Late una obsesión primigenia por volver a follar pronto, un poco a la desesperada, como si eso supurase alguna herida, cuando lo que hace es retomar la sangre, el asco, la melancolía, el vacío agarrado a la boca del estómago. El demonio no sólo vive en los detalles, sino en la comparación. Follar con amor es como beber agua con sed, dice Ana. Follar sin amor es lo mismo, pero estando empachado ya de líquido. Tú me dirás.
A mis amigos heterosexuales esto se lo tengo prohibido, por su bien. La espera forma parte de una vida intensa.
Algunos buscan a una chica que se parezca a su exnovia y, como dice C. Tangana, si la similitud física lo avala, dejan que se quede a dormir. Otros se enganchan a la primera que pasa y acuden religiosamente a los lugares (restaurantes, cines, viajes de verano) en los que fue feliz con su antiguo amor, al estilo cambio de cromos. Mal, mal. Las zonas en las que amamos a alguien que ya no está a nuestro lado deberían ser precintadas, por respeto del barrio, durante algunos años. Ya cortaremos la cinta. Ya volveremos a ese escenario, y entonces seremos otros.
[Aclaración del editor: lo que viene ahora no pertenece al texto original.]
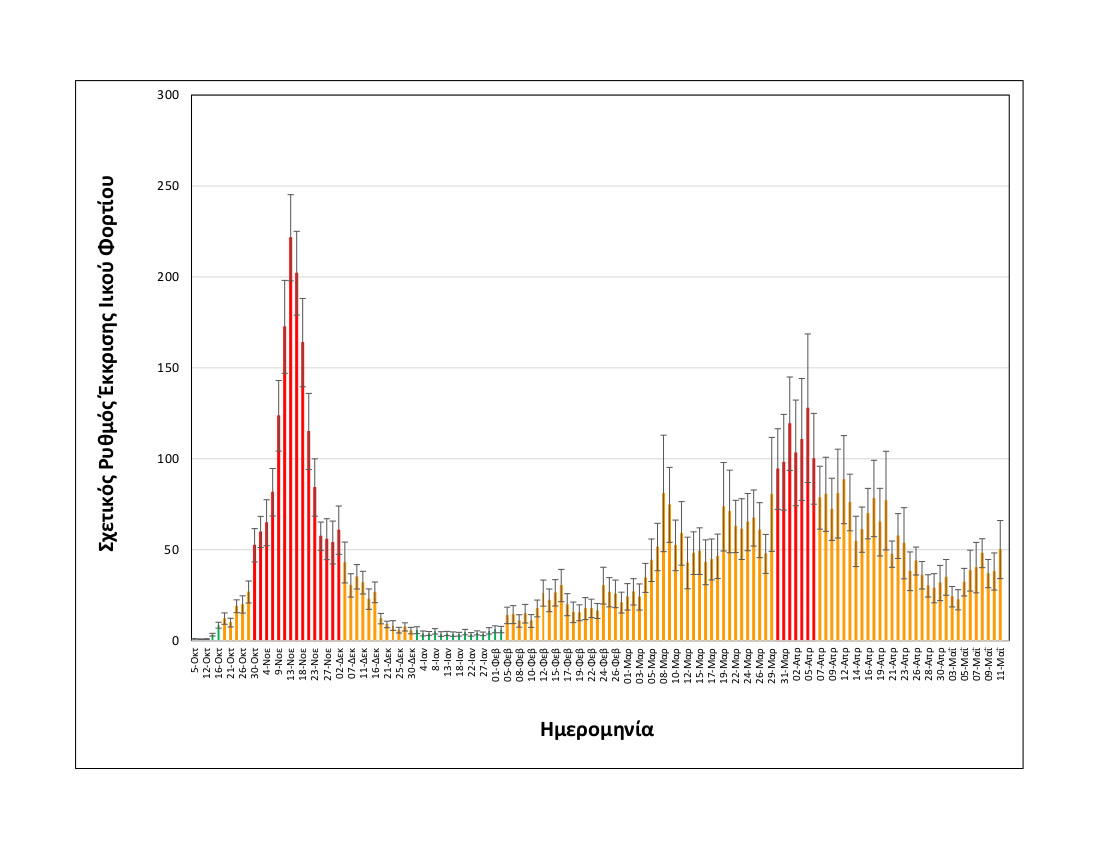 rationalizedrelativesheddingrate_thessaloniki_upto11052021_long.jpg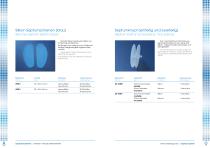 products for ENT - 5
En los peores casos, los chicos se apuntan al gimnasio y acuden compulsivamente para ciclarse (el músculo roto, el del centro del pecho, tardará mucho más tiempo en regenerarse) o se envician a las criptomonedas. De esta a lo mejor sales, pero arruinado. Desde esta tribuna tampoco lo recomendamos.
Otro punto habitual es volver a llamar a los amigos de los que habías pasado abiertamente desde que estabas enamorado. Ellos, como también han sido tú y sabían que volverías a este lado del río, te lo cogen y te sacan de tabernas a embrutecer el cuerpo y el espíritu. Te haces alguna foto grupal, "con el squad", "con los bros", "con los de siempre". Eso también es desolador y hermoso.
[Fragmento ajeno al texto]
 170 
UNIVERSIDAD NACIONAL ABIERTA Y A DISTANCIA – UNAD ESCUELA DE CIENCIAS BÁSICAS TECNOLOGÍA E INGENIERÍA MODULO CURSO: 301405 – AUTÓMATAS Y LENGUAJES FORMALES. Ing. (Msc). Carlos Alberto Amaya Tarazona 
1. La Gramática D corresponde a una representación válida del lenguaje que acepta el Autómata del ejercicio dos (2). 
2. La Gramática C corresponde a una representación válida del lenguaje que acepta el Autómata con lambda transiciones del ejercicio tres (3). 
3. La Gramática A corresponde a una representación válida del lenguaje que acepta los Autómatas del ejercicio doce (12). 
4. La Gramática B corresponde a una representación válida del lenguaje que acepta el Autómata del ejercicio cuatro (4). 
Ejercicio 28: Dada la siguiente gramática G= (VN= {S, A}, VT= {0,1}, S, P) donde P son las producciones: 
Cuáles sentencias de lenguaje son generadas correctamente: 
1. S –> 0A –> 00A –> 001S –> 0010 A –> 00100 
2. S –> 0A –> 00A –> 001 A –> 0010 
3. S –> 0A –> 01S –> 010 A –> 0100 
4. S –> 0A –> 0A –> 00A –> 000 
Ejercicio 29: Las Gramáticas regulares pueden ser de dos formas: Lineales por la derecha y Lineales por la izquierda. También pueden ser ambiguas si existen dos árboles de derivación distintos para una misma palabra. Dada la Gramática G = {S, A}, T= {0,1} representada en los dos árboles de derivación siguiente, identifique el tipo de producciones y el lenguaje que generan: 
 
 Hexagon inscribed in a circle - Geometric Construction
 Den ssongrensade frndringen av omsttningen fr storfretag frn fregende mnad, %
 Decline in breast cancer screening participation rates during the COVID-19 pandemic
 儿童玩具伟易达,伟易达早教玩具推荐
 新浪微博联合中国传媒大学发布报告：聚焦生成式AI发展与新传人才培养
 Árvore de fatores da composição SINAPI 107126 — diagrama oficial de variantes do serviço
Diría que los hombres parece que olvidan más rápido (por su actitud pública), pero es sólo ego social. Un día el trauma enterrado les salta a la cara como la gota de limón que ibas a echarle al calamar frito, y sí que escuece. Secretamente sueñan con volver a la novia pasada durante años. Es el precio a pagar por tanto teatrillo.
Las mujeres, de entrada, olvidamos más lento. Respetamos más el tempo de las cosas, sin mucho alarde. Como mucho, nos cambiamos de peinado o nos cortamos el pelo como quien se rasga la coleta torera. Tardamos más en irnos a la cama con algún fulano. Tardamos más en regresar a los viejos lugares del viejo afecto.
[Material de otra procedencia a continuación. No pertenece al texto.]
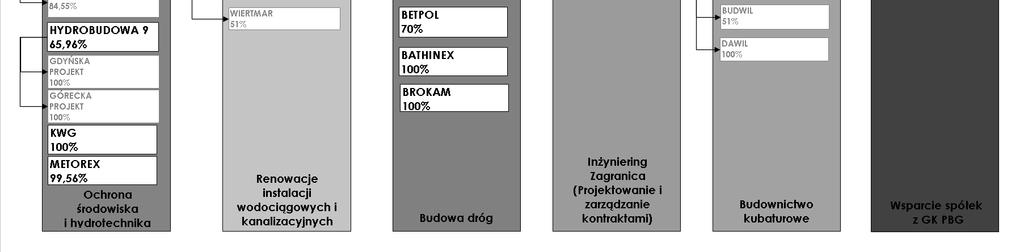 nazwą Hydrobudowa Polska SA).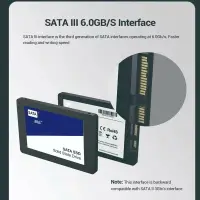 在飛比找樂天市場購物網優惠-免運 產品 升級擴容SSD 固態硬盤1TB/2TBSATA3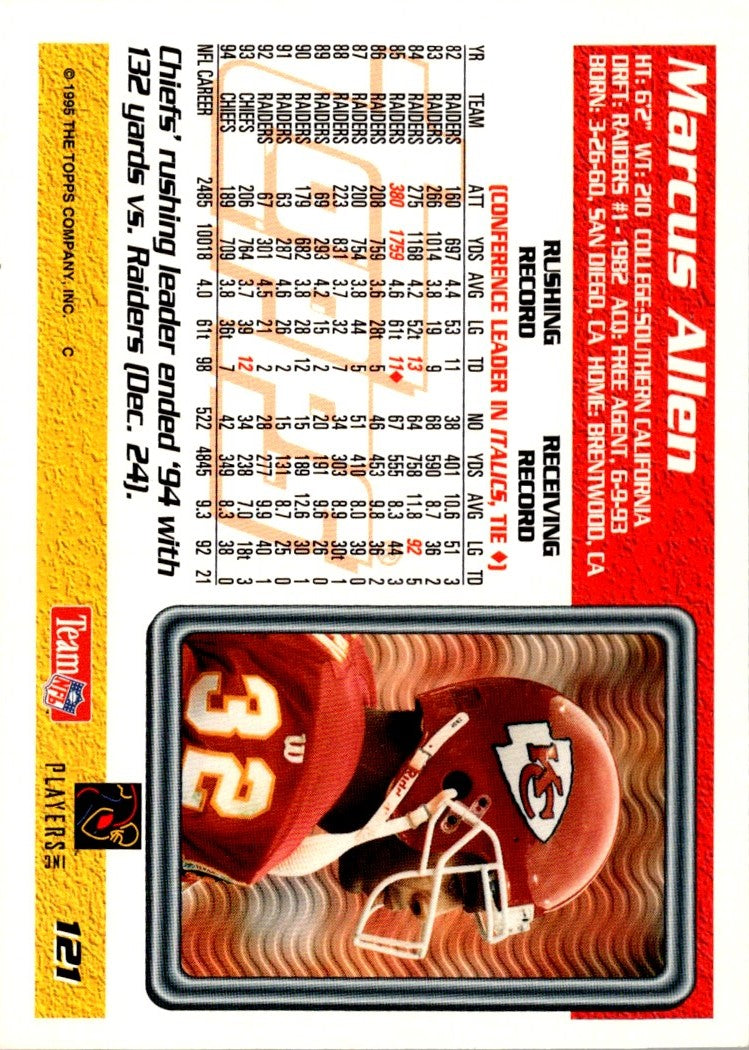 1994 Pinnacle Team Histories Kansas City Chiefs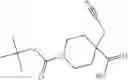 Fig. 42 - Cyclopropylamines as LSD1 inhibitors
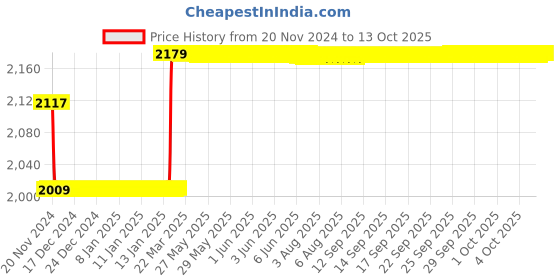 moglix.com Insize Metallurgical Microscope, 6300 insize Price History Graph from 20 Nov 2024 to 13 Oct 2025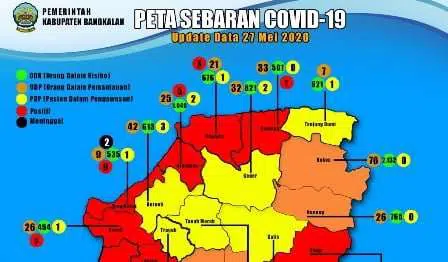 Kasus Covid-19 di Bangkalan Meningkat, Total 36 Positif Corona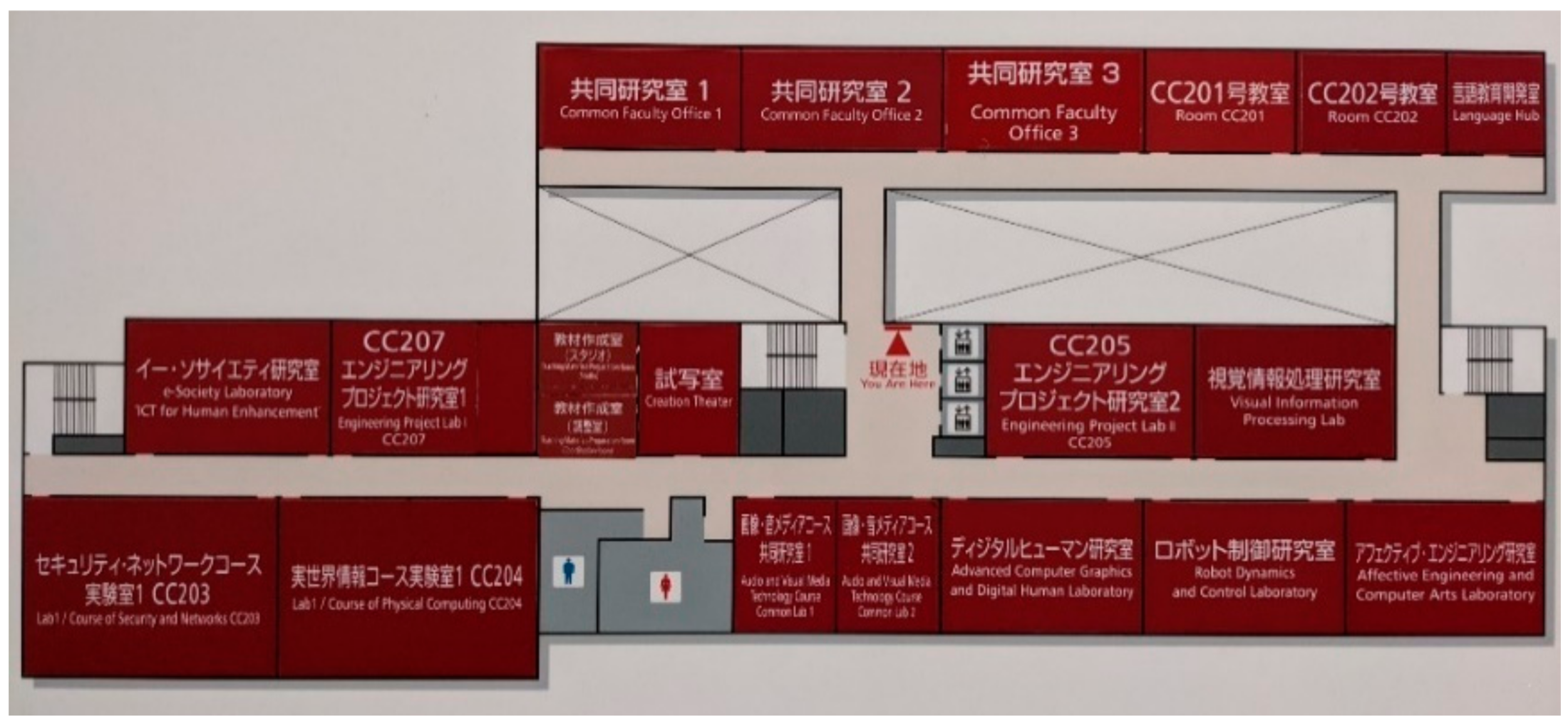 Sustainability 13 05585 g003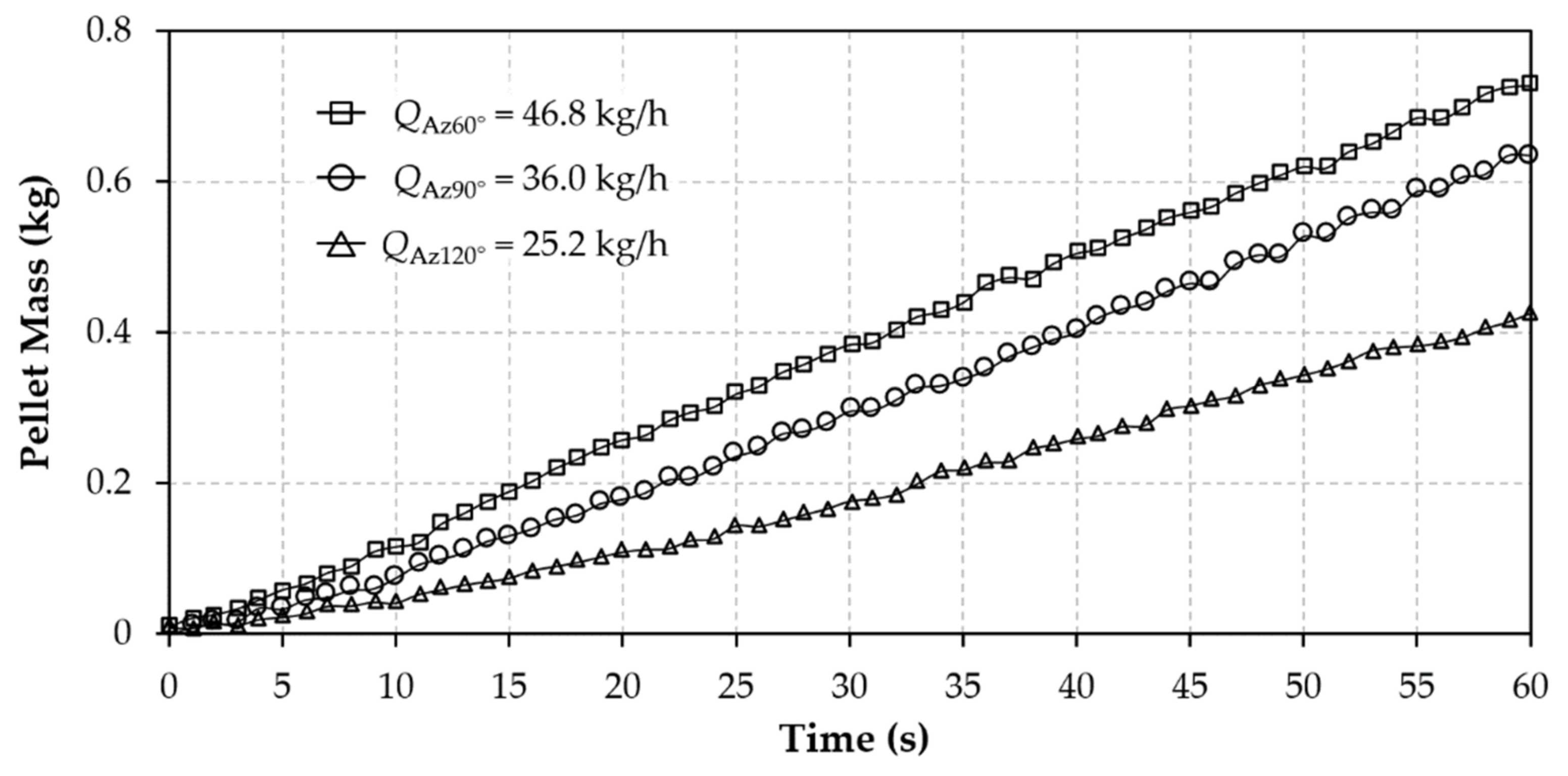 Processes 09 01060 g007 Processes 09 01060 g007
Pero, eso sí: cuando una mujer olvida, es para siempre. Cuando una mujer olvida, no vuelve a quererte más ni un solo día de su vida. Ni un solo segundo volverá a pensar en ti. Esa es la maldición terrible, al cabo. El amor de una mujer (agárrate al timón) siempre es irreversible. Aquí todo es desmemoria. Suerte a los damnificados.